[Stored data]
■ ■ ■

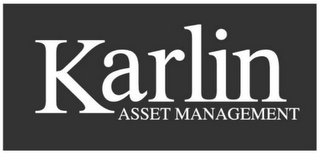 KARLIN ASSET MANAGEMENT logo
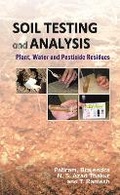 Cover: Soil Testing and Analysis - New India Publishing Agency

■ ■ ■

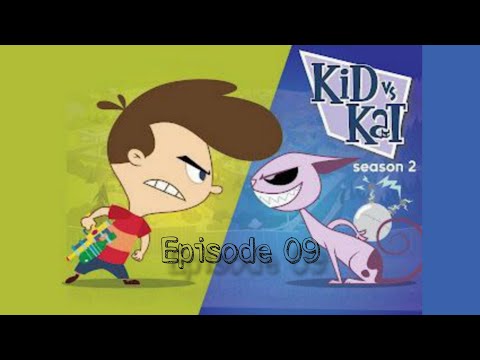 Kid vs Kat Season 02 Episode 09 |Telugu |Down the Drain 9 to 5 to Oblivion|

■ ■ ■

[About this exercise]
Exact copy, pictures excluded: from the line with "KARLIN ASSET MANAGEMENT logo" up to and including the line with "Cover: Soil Testing" in the data above.

[Answer to the problem]
 KARLIN ASSET MANAGEMENT logo
 Cover: Soil Testing and Analysis - New India Publishing Agency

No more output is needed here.